Paisley leaves MLA role with 'hope'

Ian Paisley has bowed out of Stormont with a rousing speech which proved his famed powers of oratory have barely dimmed.

The 84-year-old former First Minister was invited to address the chamber on his last appearance before he steps down as an MLA to focus on the House of Lords.

The founder and long-time leader of the Democratic Unionist Party, who has taken the peerage Lord Bannside, urged politicians of all hues to work together to ensure a better future for Northern Ireland's children.

"As we sit in this house today we look back and we have great sorrow and our thoughts and prayers are with the bereaved," he said.

"But we have also hope, hope that at long last we will get away from the things in the past that we now deplore and we will go forward with the help of almighty God to a place where we will be proud, all of us, that we are Ulster men and Ulster women and that we have done our best in the most difficult of circumstances to do what we can for the coming generation.

"What you do in the next meeting of this house is going to affect a lot of young people and we want our young people to have a chance in life and all I can say to you all tonight is God bless you, God bless Ulster, God save us from the things that disgrace the name of Christianity and God bring us into an experience where young people will be proud, no matter what their religion is or what their politics is, they will be proud to say 'I come from Ulster'."

The evangelical preacher spent much of his career saying no to power sharing with republicanism but it was his momentous decision to say yes to entering government with Sinn Fein in 2007 that may well define his legacy.

He forged a warm working relationship with Deputy First Minister and one-time IRA commander Martin McGuinness that developed into a personal friendship.
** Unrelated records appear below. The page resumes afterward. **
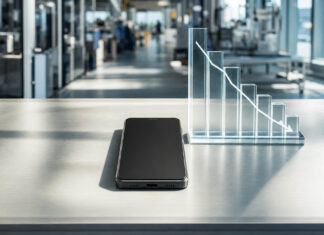 Smartphone-Modell neben einem fallenden Glas-Balkendiagramm in hellem Tageslicht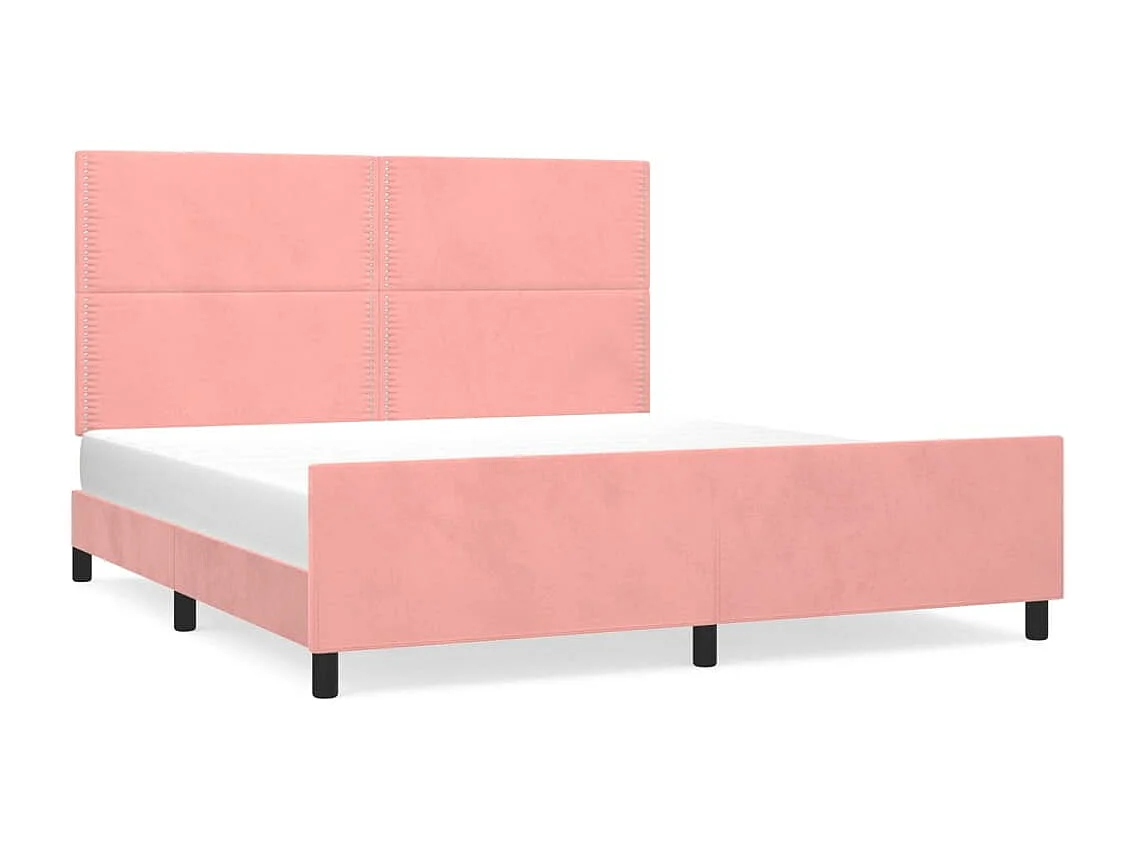 Cama -160x200 cm con cabecero de terciopelo rosa YOE90116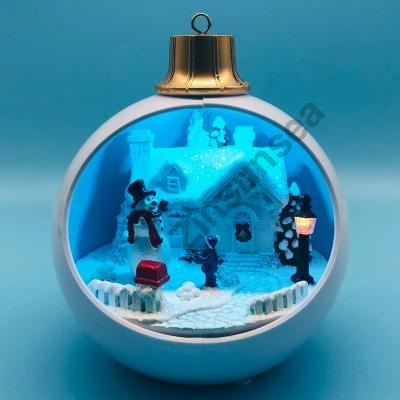 LED Christmas Village With Snowman Moving Inside White Ball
Their bonhomie saw them dubbed the "chuckle brothers" in the year they spent leading the executive.

Mr Paisley has been content with a place on the backbenches since resigning as First Minister and DUP leader in 2008, when he was succeeded by his long-time deputy Peter Robinson.

He told MLAs it was 41 years since he first entered Stormont as an elected representative. "Now I feel I only look like 41," he joked. "But that is not so because the facts are against us, we're all moving away from youth to middle age and when we look at one another we've spread a bit in our middle age and of course weakening in our old age."